I found myself implementing Taylorism-esque lessons around the home. I would clean dishes in segments: load the sink, scrub the dishes, rinse, then dry. This was more efficient than doing each dish one at a time. When it comes to cleaning, not all tasks can be “Taylorized,” but planning ahead can make a big difference in cutting down cleaning time.
Recycle the news. Line refrigerator drawers and shelving with newspaper. The newspaper absorbs the odors in the fridge (and occasional spills). Replace the newspaper every two weeks to keep it fresh.
Work from top to bottom. Start with ceiling fans and top shelves before moving down to countertops and flooring. Anything that falls from the upper levels will get picked up by the end. In that same vein, dust before you vacuum.
Keep cleaning supplies in more than one place. While it is tempting to group all of your supplies in one area, it also makes it that much more cumbersome when you see a dirty spot and have to go down the stairs and into another room to get them. Instead, keep a small stock in several rooms. Window cleaner, paper towels and bathroom cleaner can go under the bathroom sink. Disinfecting wipes and all-purpose cleaner can go in the kitchen.

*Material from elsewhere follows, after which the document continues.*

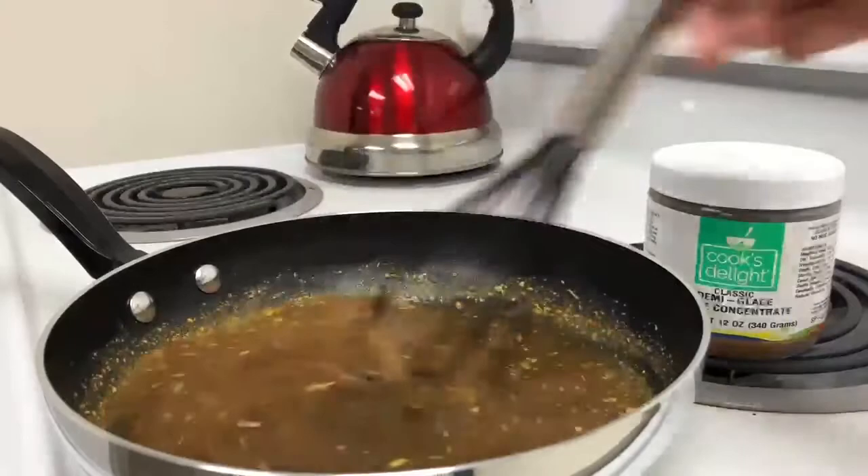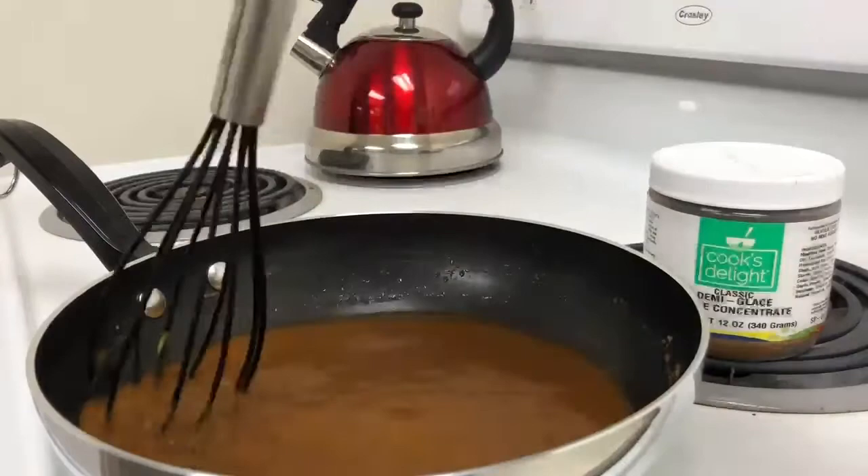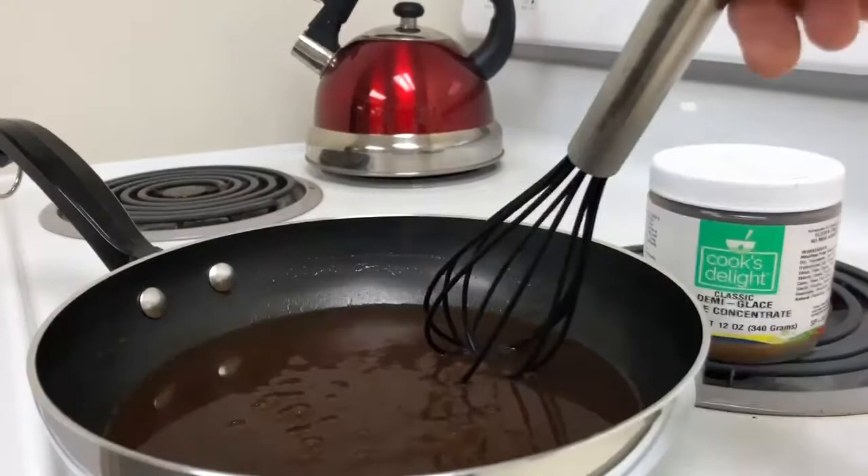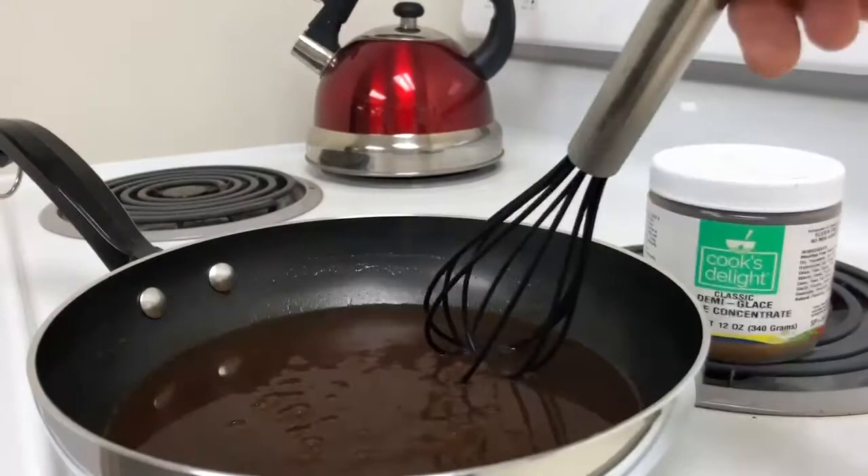Over medium-high heat, whisk constantly while bringing to a boil. Reduce heat and cook 3 minutes, stirring while cooking.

Avoid deep-cleaning the oven. Nonstick oven liners can be cut to size and used in regular ovens or toaster ovens. The liners catch drips and crumbs, and you can throw them in the dishwasher when you’re done. Follow manufacturer instructions. The liners should be placed on a low oven rack rather than on the oven element directly.
Bring to a boil. When you have finished cooking something on the stove, but before you begin eating, resist the urge to take the pan off the heat. Instead, after removing the food, return the pan to the burner and add water. Bring to a boil and scrape the food bits off the bottom with a wooden spoon. They’ll come off much easier than they would if you allow the pan to cool.
Create catch-alls. Designate a storage cube, tote or basket for each family member. Rather than asking them to pick up each item that you find as you go, place them in the catch-alls. Just remember to make a habit of emptying them regularly.